First we will find the mass of water in a unit volume. After that is done we will calculate the mass of one mole of water. Then we will find out how many moles of water are there in that mass and finally, we will find the number of molecules in that volume using Avogadro’s number. Then we will find the volume of one molecule of water.

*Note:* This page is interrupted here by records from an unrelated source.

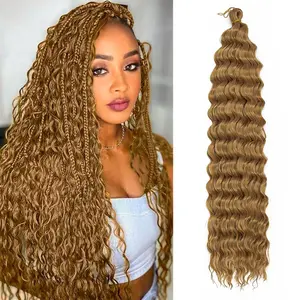 18 Inch DeepTwist Hot Silk Latin America Roll White Long Curly Hair Extensions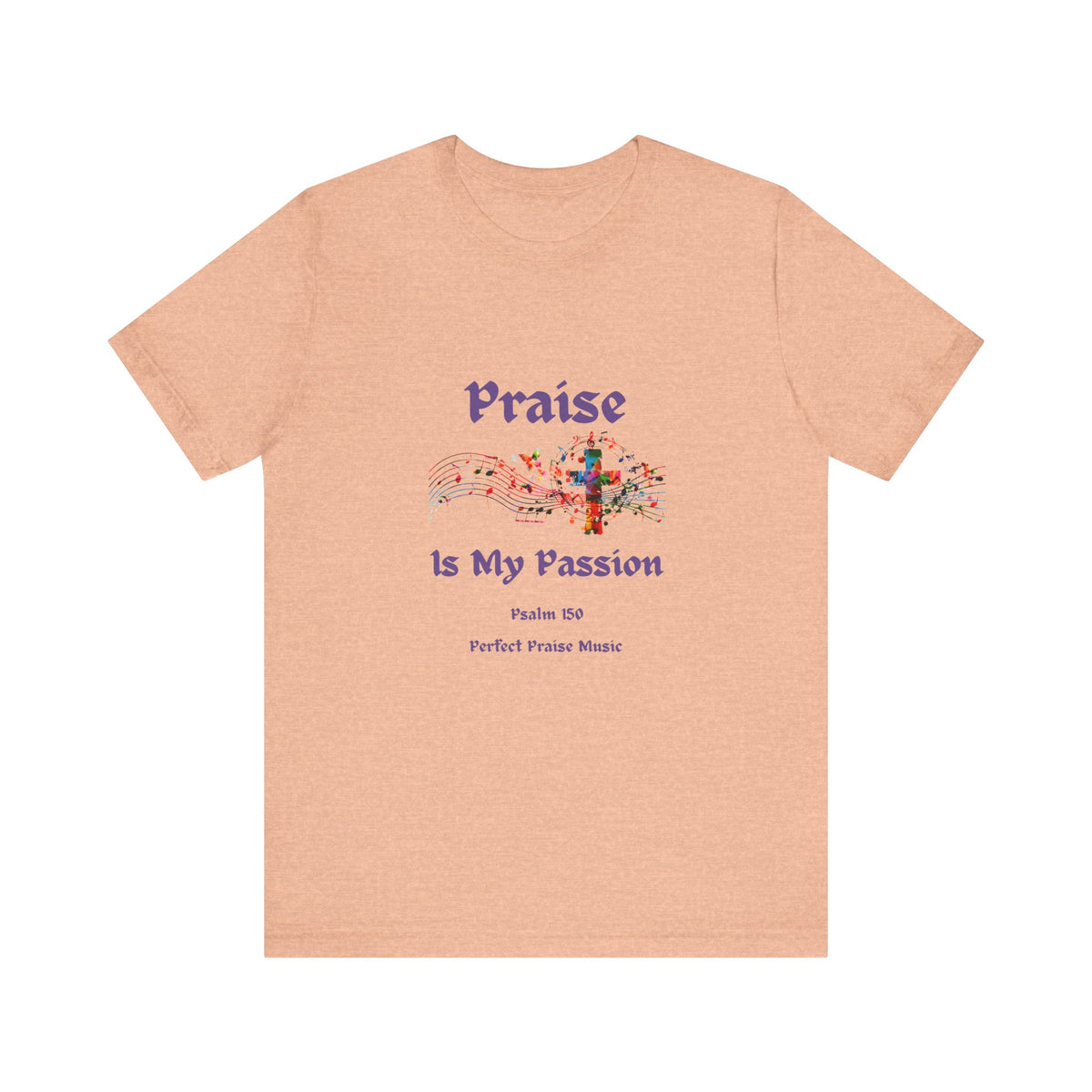 Praise is My Passion Adult Worship Tee Unisex Jersey Short Sleeve Tee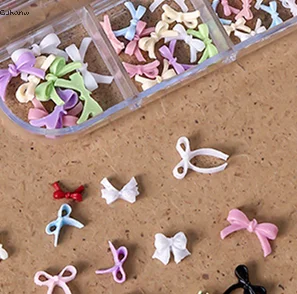 【WHB】12 Grid Bowknots Nail Art Charms Mini Adorable Line Bows Ties Resin Nail Decorations For DIY Earring Nail Suppli
【WHB】12 Grid Bowknots Nail Art Charms Mini Adorable Line Bows Ties Resin Nail Decorations For DIY Earring Nail Suppli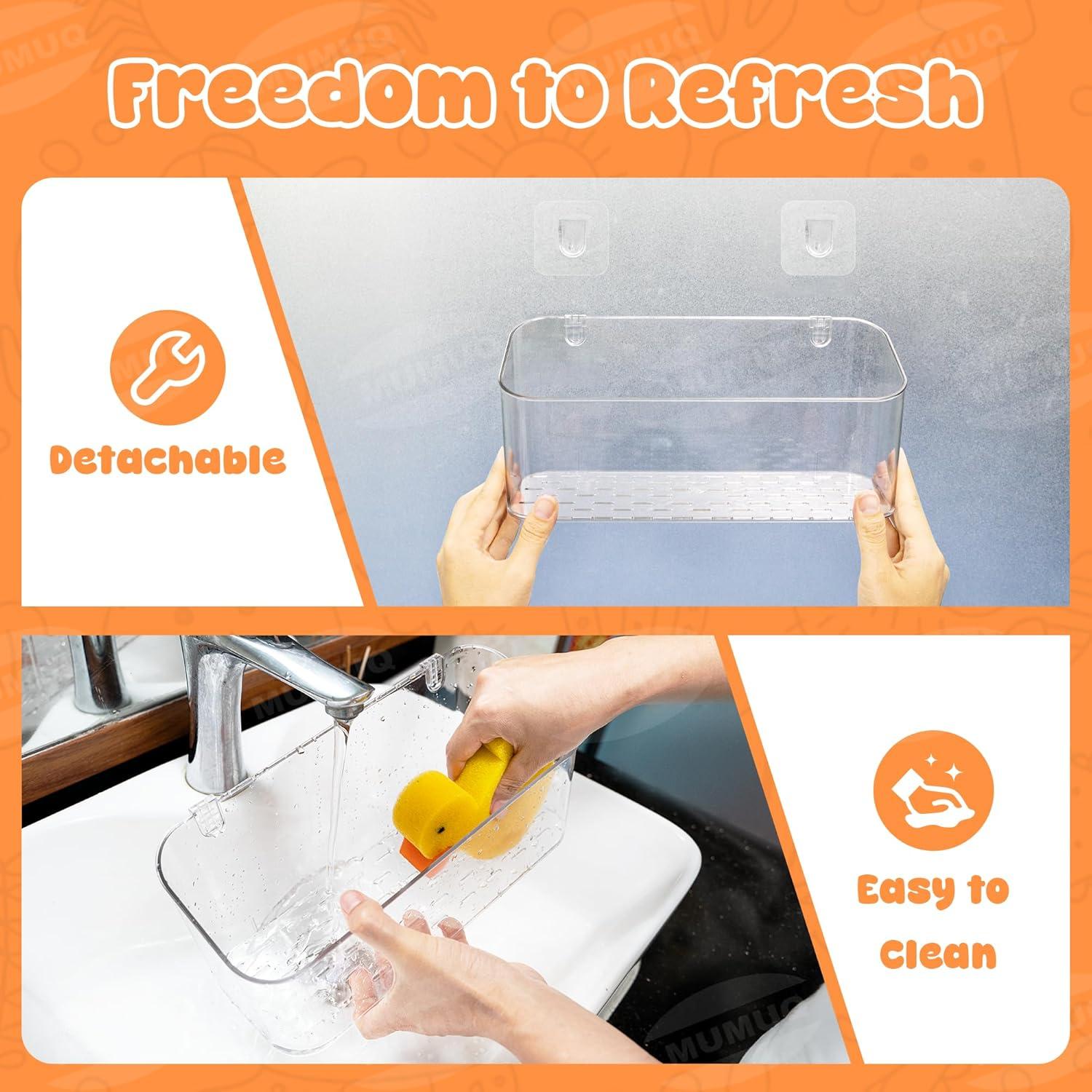 Organizador de Juguetes de Baño MUMUQ - Paquete de 2 Acrílico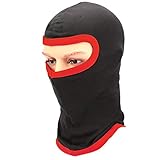 Speed Racewear Motorsport Sturmhaube pasamontañas Balaclava Schwarz Rot Kart Motorrad Quad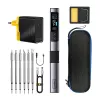 FNIRSI HS-02A F 100W Smart Soldering Iron with USB-C PD3.0, OLED Display, T12 Compatible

Complete step-by-step solution:
First, let us calculate the mass of water in one unit volume i.e. in one ${{m}^{3}}$. We have the density of water as ${{10}^{3}}$ kg${{m}^{-3}}$. So, we easily get the mass of water in one ${{m}^{3}}$of volume as 1000 kilograms. Now we will find the mass of one mole of water.
The water molecule is made up of 2 atoms of Hydrogen and one atom of oxygen. Their atomic masses add up to 18 and that is how much one mole of water will weigh in grams.
In 1000 kilograms of water there will be $\dfrac{1000\times 1000}{18}=55555.56$ moles of water.
Multiplying this number by the Avogadro’s number we will get the total number of water molecules present in one ${{m}^{3}}$ of water.
total number of water molecules present in one ${{m}^{3}}$=$55555.56\times 6\times {{10}^{23}}=3.33\times {{10}^{28}}$
So, the volume of one molecule of water will be equal to $\dfrac{1}{3.33\times {{10}^{28}}}=3\times {{10}^{-29}}{{m}^{3}}$

Hence, the correct option is B, i.e., $3\times {{10}^{-29}}{{m}^{3}}$.

Note: We are dealing with big numbers here so it is better to write them in scientific notification when possible. Take care to avoid calculation mistakes. The whole process must be done in order to avoid confusion and calculation mistakes.